The Group regards its interests in overseas subsidiary companies as long-term investments and manages its translational exposures through the currency matching of assets and liabilities where applicable. The matching is reviewed regularly, with appropriate risk mitigation performed where material mismatches arise.
The Group is exposed to a number of foreign currencies. The most significant transactional currency exposures are US dollars to sterling and US dollars to euros.
The Group manages its exposure to movements in exchange rates at two levels:
- Revenues and costs are currency matched where it is economic to do so. The Group actively seeks to source suppliers with the relevant currency cost base to avoid the risk or to flow down the risk to those suppliers that are capable of managing it. Currency risk is also a prime consideration when deciding where to locate new facilities. US dollar income converted into sterling represented 26 per cent of Group revenues in 2008 (2007 25 per cent). US dollar income converted into euros represented four per cent of Group revenues in 2008 (2007 four per cent).
- Residual currency exposure is hedged via the financial markets. The Group operates a hedging policy using a variety of financial instruments with the objective of minimising the impact of fluctuations in exchange rates on future transactions and cash flows.
Market exchange rates
The permitted range of the amount of cover taken is determined by the written policies set by the Board, based on known and forecast income levels.
The forward cover is managed within the parameters of these policies in order to achieve the Group's objectives, having regard to the Group's view of long-term exchange rates. Forward cover is in the form of standard foreign exchange contracts and instruments on which the exchange rates achieved are dependent on future interest rates. The Group may also write currency options against a portion of the unhedged dollar income at a rate which is consistent with the Group's long-term target rate. At the end of 2008 the Group had US$17.1 billion of forward cover (2007 US$9.4 billion).
The consequence of this policy has been to maintain relatively stable long-term foreign exchange rates. Note 16 to the financial statements includes the impact of revaluing forward currency contracts at market values on December 31, 2008, showing a negative value of £2,181 million (2007 positive value of £379 million) which will fluctuate with exchange rates over time. The Group has entered into these forward contracts as part of the hedging policy, described above, in order to mitigate the impact of volatile exchange rates.
The Group uses fixed rate bonds and floating rate debt as funding sources. The Group's policy is to maintain a proportion of its debt at fixed rates of interest having regard to the prevailing interest rate outlook. To implement this policy the Group may utilise a combination of interest rate swaps, forward-rate agreements and interest-rate caps to manage the exposure.

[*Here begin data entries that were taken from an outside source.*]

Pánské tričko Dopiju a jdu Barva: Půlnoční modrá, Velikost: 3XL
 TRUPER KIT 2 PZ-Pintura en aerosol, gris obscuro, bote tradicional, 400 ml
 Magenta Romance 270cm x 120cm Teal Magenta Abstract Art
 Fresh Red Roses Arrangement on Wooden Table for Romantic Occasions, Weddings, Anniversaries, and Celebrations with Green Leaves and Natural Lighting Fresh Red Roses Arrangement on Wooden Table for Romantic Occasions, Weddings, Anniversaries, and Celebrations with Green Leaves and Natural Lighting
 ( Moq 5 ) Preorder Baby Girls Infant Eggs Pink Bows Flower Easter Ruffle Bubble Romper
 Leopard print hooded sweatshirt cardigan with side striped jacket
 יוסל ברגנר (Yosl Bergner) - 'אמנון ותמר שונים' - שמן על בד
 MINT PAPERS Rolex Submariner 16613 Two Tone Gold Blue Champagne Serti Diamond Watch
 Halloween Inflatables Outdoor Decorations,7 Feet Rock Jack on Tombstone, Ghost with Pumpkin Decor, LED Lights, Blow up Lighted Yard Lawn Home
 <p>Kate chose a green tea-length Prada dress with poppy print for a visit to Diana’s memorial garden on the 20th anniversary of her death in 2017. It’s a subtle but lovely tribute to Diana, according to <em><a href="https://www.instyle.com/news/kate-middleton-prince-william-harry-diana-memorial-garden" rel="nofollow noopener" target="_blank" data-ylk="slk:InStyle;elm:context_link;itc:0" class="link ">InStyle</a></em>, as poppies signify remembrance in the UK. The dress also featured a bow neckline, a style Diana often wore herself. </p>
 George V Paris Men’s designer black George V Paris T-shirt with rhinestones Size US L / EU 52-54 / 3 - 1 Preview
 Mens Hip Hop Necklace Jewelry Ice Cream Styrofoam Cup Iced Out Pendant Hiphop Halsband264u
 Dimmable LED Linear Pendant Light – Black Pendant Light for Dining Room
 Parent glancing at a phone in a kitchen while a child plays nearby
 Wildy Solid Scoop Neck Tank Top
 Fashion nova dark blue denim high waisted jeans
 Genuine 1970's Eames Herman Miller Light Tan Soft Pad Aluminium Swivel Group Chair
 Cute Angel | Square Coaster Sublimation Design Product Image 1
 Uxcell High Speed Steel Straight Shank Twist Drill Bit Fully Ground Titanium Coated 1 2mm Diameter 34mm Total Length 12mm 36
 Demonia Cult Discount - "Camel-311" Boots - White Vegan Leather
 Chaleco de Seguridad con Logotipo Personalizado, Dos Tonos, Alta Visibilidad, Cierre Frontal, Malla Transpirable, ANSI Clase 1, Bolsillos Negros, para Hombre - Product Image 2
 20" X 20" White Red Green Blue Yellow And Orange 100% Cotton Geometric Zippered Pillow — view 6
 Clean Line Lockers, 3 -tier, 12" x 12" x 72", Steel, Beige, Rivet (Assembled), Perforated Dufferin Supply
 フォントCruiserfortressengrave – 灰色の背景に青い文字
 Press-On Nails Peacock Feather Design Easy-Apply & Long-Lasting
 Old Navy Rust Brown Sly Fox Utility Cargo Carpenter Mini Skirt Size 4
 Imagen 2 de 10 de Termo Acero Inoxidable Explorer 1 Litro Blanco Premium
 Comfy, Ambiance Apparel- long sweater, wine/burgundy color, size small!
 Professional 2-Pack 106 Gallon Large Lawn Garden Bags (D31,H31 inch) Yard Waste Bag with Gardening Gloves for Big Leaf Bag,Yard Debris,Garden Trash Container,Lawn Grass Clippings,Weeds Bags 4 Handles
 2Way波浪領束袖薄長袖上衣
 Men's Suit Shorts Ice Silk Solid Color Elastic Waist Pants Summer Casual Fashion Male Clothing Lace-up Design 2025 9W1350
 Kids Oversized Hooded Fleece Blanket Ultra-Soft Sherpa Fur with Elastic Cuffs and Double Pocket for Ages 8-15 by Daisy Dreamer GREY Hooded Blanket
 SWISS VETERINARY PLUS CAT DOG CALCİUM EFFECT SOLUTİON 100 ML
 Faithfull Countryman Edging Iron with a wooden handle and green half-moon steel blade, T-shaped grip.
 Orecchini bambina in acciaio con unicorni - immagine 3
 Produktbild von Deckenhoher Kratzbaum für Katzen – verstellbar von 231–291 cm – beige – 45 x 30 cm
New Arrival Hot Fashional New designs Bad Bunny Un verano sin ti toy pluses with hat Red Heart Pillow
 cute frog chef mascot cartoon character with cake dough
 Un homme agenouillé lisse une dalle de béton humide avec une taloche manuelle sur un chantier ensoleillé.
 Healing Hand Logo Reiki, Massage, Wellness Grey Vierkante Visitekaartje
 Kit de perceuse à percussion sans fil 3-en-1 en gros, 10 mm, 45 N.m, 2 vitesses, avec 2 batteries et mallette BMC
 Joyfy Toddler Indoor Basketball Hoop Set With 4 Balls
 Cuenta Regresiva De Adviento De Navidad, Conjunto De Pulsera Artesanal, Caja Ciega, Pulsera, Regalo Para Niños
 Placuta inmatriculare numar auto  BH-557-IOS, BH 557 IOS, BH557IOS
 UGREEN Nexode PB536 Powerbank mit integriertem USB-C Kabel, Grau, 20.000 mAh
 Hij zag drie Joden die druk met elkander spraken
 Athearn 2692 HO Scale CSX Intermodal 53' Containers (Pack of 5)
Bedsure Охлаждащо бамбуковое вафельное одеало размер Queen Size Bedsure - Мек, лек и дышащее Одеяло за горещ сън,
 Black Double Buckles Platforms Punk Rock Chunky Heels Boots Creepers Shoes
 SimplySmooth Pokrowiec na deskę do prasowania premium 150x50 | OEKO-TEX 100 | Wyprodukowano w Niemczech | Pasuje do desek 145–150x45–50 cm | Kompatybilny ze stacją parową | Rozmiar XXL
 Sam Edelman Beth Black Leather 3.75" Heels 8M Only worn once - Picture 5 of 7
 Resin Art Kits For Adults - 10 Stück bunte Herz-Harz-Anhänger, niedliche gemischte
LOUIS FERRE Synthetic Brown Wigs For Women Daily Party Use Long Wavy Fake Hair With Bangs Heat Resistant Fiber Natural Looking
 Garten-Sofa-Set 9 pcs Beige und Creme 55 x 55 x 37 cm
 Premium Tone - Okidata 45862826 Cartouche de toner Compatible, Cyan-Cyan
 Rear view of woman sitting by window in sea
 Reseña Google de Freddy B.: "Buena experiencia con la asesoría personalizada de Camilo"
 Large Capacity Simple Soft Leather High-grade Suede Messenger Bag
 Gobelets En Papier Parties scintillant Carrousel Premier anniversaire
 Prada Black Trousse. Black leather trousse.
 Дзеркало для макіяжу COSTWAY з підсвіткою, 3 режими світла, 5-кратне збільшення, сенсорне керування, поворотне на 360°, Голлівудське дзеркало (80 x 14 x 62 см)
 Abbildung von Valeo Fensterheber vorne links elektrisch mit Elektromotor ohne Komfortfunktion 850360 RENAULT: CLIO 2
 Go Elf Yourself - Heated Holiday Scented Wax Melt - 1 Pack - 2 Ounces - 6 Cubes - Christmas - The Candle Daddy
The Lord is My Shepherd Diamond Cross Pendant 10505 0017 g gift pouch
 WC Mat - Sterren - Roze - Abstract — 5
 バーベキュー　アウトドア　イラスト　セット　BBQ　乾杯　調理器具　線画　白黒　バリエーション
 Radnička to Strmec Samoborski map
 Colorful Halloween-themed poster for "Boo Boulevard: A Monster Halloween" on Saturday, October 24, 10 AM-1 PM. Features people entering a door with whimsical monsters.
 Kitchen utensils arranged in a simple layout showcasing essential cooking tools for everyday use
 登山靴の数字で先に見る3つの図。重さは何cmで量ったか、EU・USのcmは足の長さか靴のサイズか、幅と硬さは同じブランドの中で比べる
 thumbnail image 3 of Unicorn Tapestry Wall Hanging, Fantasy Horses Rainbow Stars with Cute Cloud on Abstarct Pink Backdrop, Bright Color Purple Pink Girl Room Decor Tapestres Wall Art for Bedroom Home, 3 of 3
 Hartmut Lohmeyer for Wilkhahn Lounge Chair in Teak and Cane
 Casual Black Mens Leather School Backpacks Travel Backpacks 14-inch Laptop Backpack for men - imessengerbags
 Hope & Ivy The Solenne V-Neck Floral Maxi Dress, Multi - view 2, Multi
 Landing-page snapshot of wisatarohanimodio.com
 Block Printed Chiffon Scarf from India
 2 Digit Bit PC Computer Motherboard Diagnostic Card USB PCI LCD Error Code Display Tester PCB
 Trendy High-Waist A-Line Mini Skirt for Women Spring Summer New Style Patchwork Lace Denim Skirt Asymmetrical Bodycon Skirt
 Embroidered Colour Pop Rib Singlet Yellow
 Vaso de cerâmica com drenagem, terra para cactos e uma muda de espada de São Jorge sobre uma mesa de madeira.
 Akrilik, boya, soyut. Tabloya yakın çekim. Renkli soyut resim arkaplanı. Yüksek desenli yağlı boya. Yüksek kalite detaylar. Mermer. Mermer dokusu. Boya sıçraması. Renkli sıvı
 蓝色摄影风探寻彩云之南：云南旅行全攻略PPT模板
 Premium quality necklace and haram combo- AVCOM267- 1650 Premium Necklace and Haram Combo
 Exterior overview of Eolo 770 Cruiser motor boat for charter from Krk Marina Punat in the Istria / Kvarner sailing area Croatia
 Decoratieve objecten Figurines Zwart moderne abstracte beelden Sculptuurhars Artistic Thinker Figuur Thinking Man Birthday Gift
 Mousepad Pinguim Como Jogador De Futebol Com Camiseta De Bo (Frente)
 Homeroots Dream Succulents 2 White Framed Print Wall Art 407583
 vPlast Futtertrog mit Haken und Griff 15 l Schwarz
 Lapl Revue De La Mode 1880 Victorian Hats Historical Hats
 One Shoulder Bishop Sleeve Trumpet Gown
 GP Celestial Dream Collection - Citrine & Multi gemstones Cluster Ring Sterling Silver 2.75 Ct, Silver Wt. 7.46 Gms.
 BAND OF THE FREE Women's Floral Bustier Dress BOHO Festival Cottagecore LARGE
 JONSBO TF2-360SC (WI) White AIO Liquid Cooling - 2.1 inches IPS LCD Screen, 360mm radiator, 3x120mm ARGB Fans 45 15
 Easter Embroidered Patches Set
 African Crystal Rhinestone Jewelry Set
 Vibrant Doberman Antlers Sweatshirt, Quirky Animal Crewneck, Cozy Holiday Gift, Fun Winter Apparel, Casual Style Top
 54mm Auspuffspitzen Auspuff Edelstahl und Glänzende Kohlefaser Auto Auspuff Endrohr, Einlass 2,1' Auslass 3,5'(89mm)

The Group has an ongoing exposure to the price of jet fuel and base metals arising from business operations. The Group's objective is to minimise the impact of price fluctuations. The exposure is hedged, on a similar basis to that adopted for currency risks, in accordance with parameters contained in written policies set by the Board.
In connection with the sale of its products, the Group will, on some occasions, provide financing support for its customers. This may involve the Group guaranteeing financing for customers, providing asset-value guarantees (AVGs) on aircraft for a proportion of their expected future value, or entering into leasing transactions.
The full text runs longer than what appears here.